И разве он один? Разве не задевают рядом с ним Серова, не оплевывают Врубеля? Разве даже умнейшие из знакомых ему литераторов не задерживаются в своих оценках на минувшем, уже уходящем дне? Чехов в одном из писем ставил рядом со Львом Толстым Виктора Васнецова, его новый друг Иван Бунин посвящает этому художнику стихи. Размышляя над тем, кто может подойти Чехову как иллюстратор его произведений, Левитан пишет другу: «Врубель будет дик для тебя». Сам же он, как вспоминал П. В. Сизов, был очень доволен, когда на свой вопрос, кого бы его ученики желали бы, в случае чего, видеть его преемником, получил в ответ три имени: Аполлинария Васнецова, Константина Коровина и Михаила Врубеля.
«Цари» не ценят Левитана, зато приходит в восторг от одной из его работ представительница иной «династии» — дочь П. М. Третьякова А. П. Боткина: «Один Левитан положительно прелестный…» — пишет она И. С. Остроухову, который вместе с ней и Серовым ведает теперь покупкой картин для галереи.
Сначала Остроухов настроен против этой покупки: «Левитан представлен в Галерее 24-мя вещами. Мы приобрели у Дягилева 25-ю», — ворчливо отзывается он в ответ Боткиной 26 февраля, но через два дня «сдается». И его можно легко понять: речь шла о варианте картины «Летний вечер».

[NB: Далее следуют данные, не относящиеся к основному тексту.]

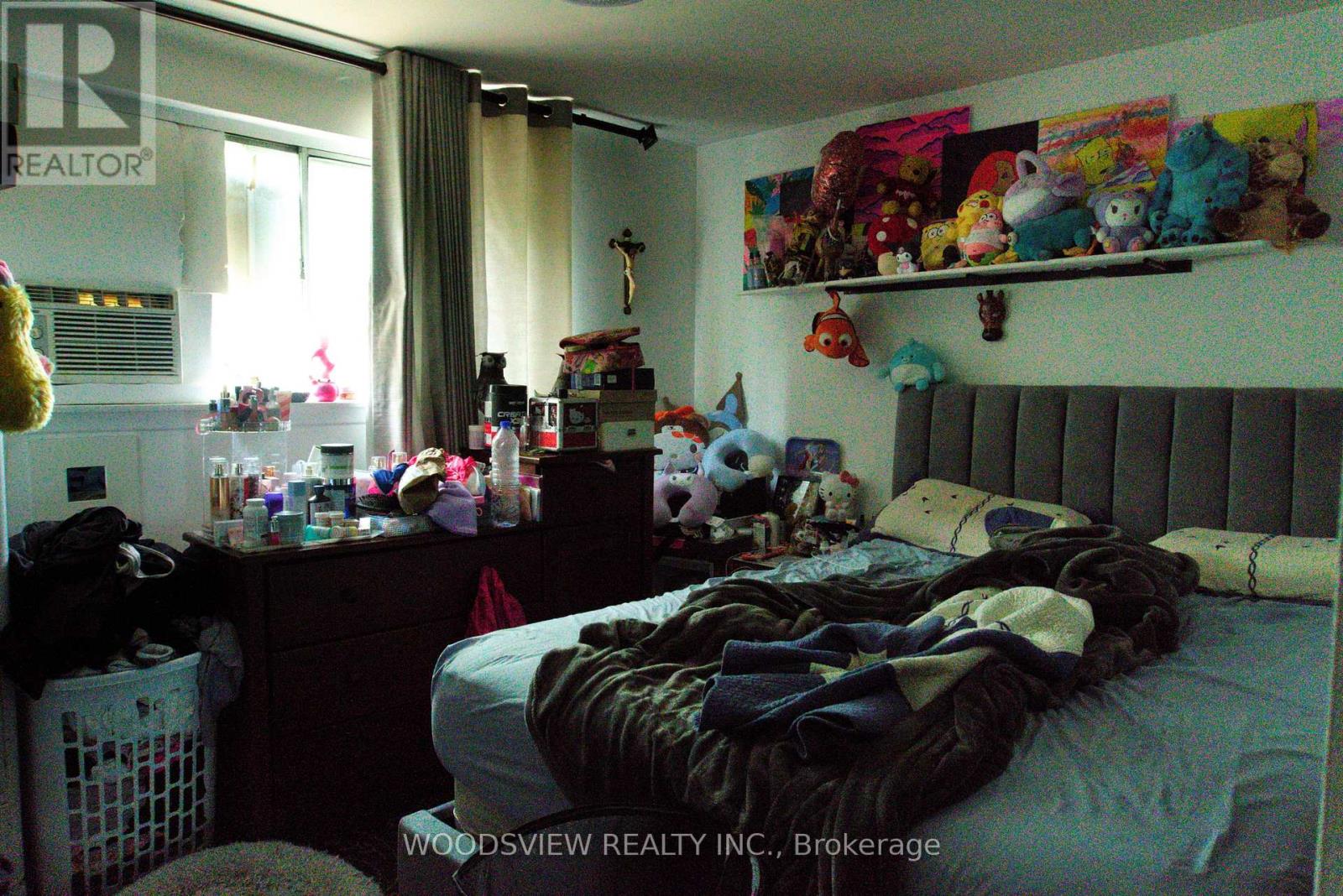 56 Lightwood Drive, Toronto, Ontario  M9V 2Z2 - Photo 7 - W12235854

Находят признание последние работы художника и в иной среде — у великих русских ученых, физика П. Н. Лебедева и ботаника К. А. Тимирязева. Оба они увлекались фотографией, и Левитан с интересом смотрел диапозитивы их снимков, по большей части пейзажного характера. 1 февраля 1900 года Тимирязев подарил Исааку Ильичу оттиск своей статьи «Фотография и чувство природы».

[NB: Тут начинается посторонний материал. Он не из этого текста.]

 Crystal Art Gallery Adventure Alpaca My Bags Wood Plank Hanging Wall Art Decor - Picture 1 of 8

Не удивительно, что Левитан тут же прочел статью Тимирязева и в тот же вечер написал автору: «Есть положения удивительно глубокие в ней. Ваша мысль, что фотография увеличивает сумму эстетических наслаждений, абсолютно верна, и будущность фотографии в этом смысле громадна».
Впоследствии, включая статью «Фотография и чувство природы» в свою книгу, Тимирязев написал в предисловии, что ему «подает смелость перепечатать» ее и отзыв Левитана.
Возможно, что статья эта имела в глазах художника и более важное значение, чем просто выяснение роли фотографии.
Убежденный демократ, Тимирязев исходил в ней из своего общего понимания искусства. Упомянув о том, что по-немецки гравюра и фотография именуются искусствами «размножающими, воспроизводящими», он восклицал:
«…Но разве в ином, более широком смысле, задача всякого искусства не сводится на то, чтобы размножать действительность и прежде всего жизнь с ее радостями и горем? Чего просит простой смертный от искусства, как не возможности в пределах одной краткой жизни переживать тысячи таких же жизней, более светлых и более темных, прочувствовать, увидеть вновь, что уже чувствовал и видел, что могли чувствовать и видеть вокруг него или отдаленные от него, пространством и временем, такие же люди, как он сам?»
Голос ученого как бы внезапно врезался и в шедшие вокруг Левитана споры и в борение его собственных мыслей.
Тимирязев очень любил английского художника Тёрнера, считавшегося одним из предшественников импрессионистов, и его «апостола» — критика Джона Рёскина. Он стремился и Левитана обратить в свою веру, показывал ему английские книги и альбомы из своей библиотеки, и, перелистывая их, Исаак Ильич горестно вздыхал, досадуя, что не может их сам прочесть. Оказывается, Тёрнер тоже как-то увлекся зрелищем поезда, летящего сквозь дождь, как позже Левитан в Салтыковке!